Gustin’s 12.7 rebounds per game rank second in the nation, while Graham’s 10 made three-pointers in BYU’s lone loss against Oklahoma set a new program record and tied the all-time mark for both basketball programs at BYU. How impressive is 10 made threes? Not even Jimmer Fredette sank 10 shots from downtown as a Cougar.
“It’s a tough job guarding us offensively because we have so many weapons. We have a very balanced offensive team,” Graham said.
Conversely, BYU’s quick-handed starters have combined for 7.6 steals each game, with Gustin crashing the boards hard and Hamson coming off the bench to swat 2.6 blocks each contest.
The Cougars haven’t played since Dec. 21, with their first two originally scheduled conference matchups postponed due to COVID cases around the league. As the only WCC team currently ranked and already being the preseason favorite, BYU has become the team to beat in the conference, but the target on their back has really just become a chip on their shoulder.

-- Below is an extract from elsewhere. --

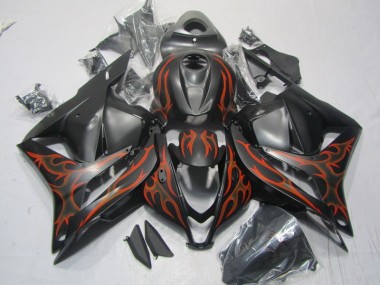 Buy 2009-2012 Black Orange Flame Honda CBR600RR Motorcylce Fairings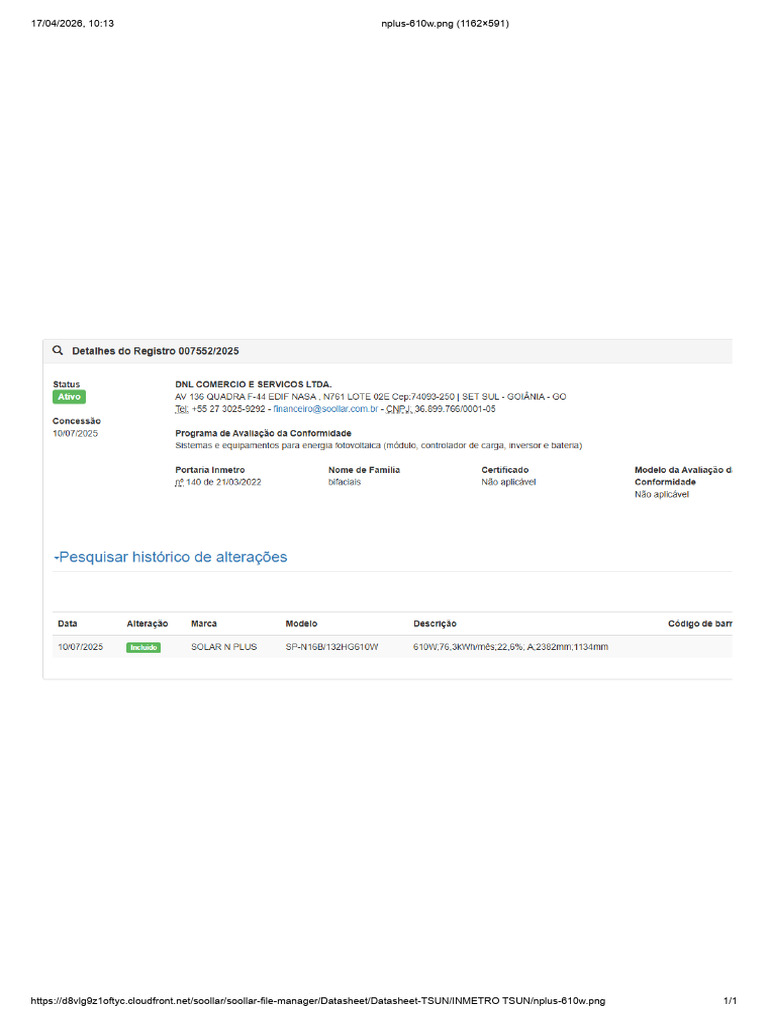 CERTIFICADO INMETRO MODULOS | PDF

“We want to prove that we can meet those expectations, and that gives us a chip on our shoulder or underdog mindset,” Graham said. “Other teams are going to be ready for us, we’re not going to sneak up on anybody. People view us as a big game.”
“In conference play, you know every team and they know you,” Judkins added. “We’re gonna get the best from everybody we play, which is good because it gets us better as well.”
The Cougars open their conference slate at San Francisco on Thursday night before heading back to Provo to play Pacific this Saturday at 2 p.m. With their time remaining together as a group growing thinner each day, the urgency to compete has intensified for Judkins’ squad, who now look to bring home their first conference championship since 2019 and win multiple NCAA tournament games for the first time since 2013.
“Every single time we play another team, we go out and compete,” Graham said. “I feel like that’s sometimes overlooked in competitive sports since it should be such a given, but we take pride in winning and losing as a team. A lot of our pride comes from winning for each other.”